Ensemble Modeling Techniques
Our goal in every analytics project is to discover the most practical, highest performing model with the best out-of-sample error — the one that performs the best when given new, unseen data. To best achieve this goal, we have mastered many modeling techniques and we study many model options as it is often surprising which algorithms perform best in new situations.
Model Validation
The final analytic model is selected using a rigorous cross-validation process that ensures the model is robust to changes in the data and underlying assumptions. We employ out-of-sample testing and validation to limit over-fit and over-search during model development. Elder Research judges the performance of each model iteration for its ability to accurately predict or classify the target variable in a hold-out sample of data. This helps to ensure the stability of the algorithm when it is deployed into production environments.

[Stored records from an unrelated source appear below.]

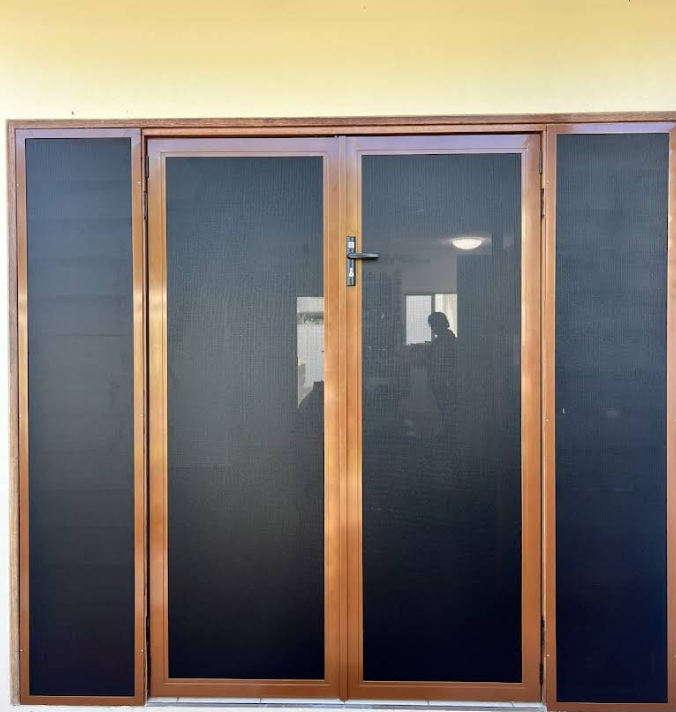 Silver Door With a Security Screen Door Open Against a Brick Wall — All Security Screens & Repairs In Bungalow, QLD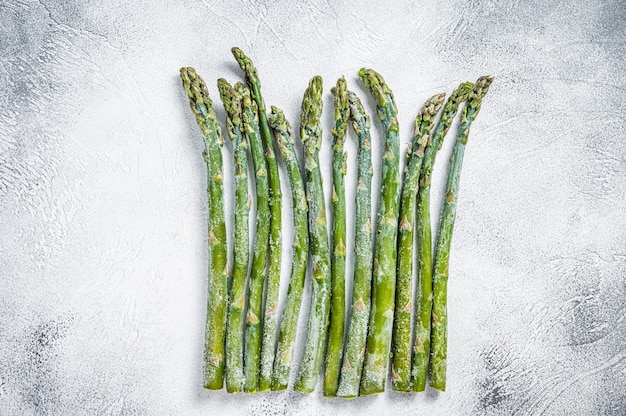 Frozen cold asparagus on a old kitchen table. White background. Top view.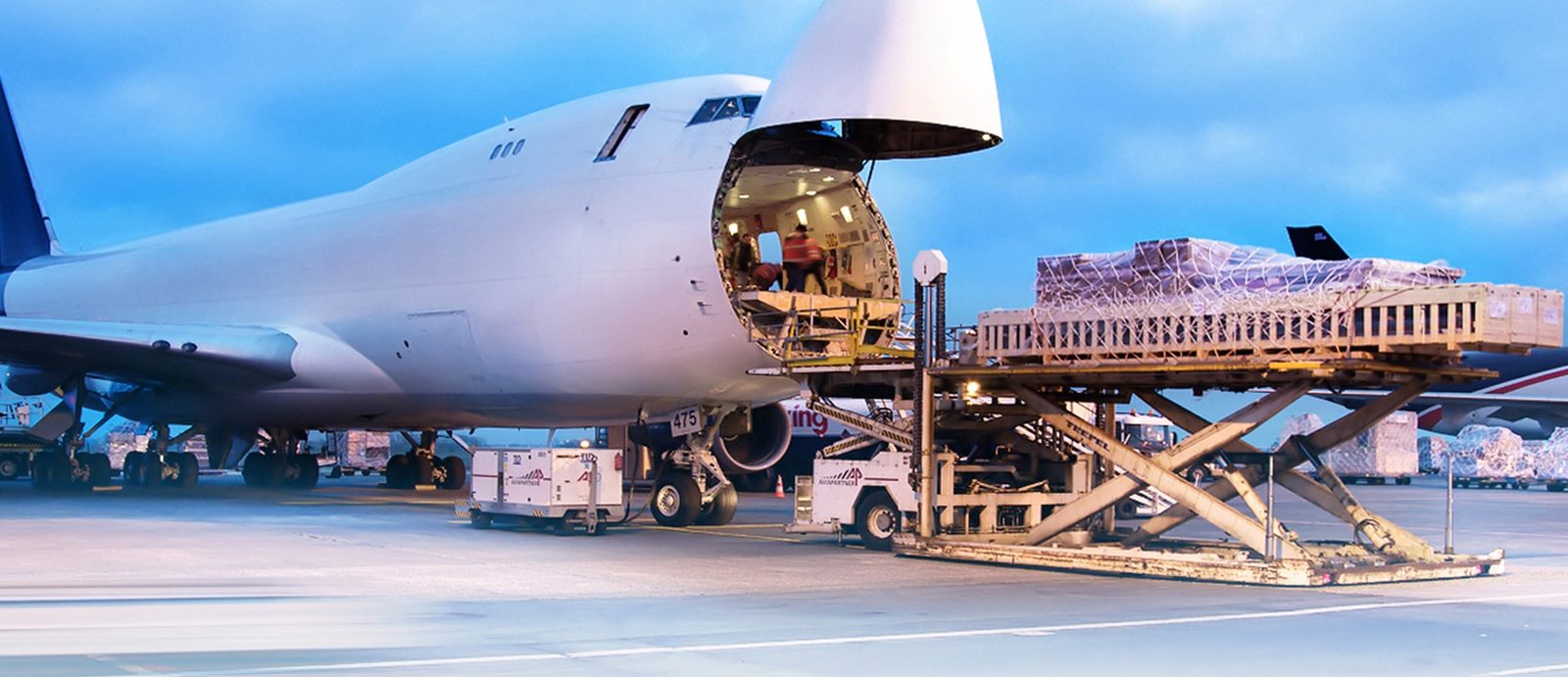 Palletised air cargo being loaded through the nose door of a freighter aircraft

Target Shuffling is one technique we use for testing the statistical accuracy of our data mining results. It is particularly useful for identifying false positives, or when two events or variables occurring together are perceived to have a cause-and-effect relationship, as opposed to a coincidental one. The more variables you have, the easier it becomes to ‘oversearch’ and identify (false) patterns among them—called the ‘vast search effect’.
Production Deployment
Our teams start every project with the end in mind. Over many years of tackling complex analytics projects across many sectors and within hundreds of unique organizations, we have learned key lessons that ensure production deployment of valuable analytic solutions.
Our executives engage C-suite and leaders across the organization to ensure strategy and business value is realized and communicated. Our data scientists and engineers integrate with IT departments and systems owners to streamline and de-risk technology deployment. Our project and program leaders create and execute change management plans to increase adoption and end-user engagement.
We infuse decades of practical design, implementation, and deployment wisdom into our Agile Data Science process.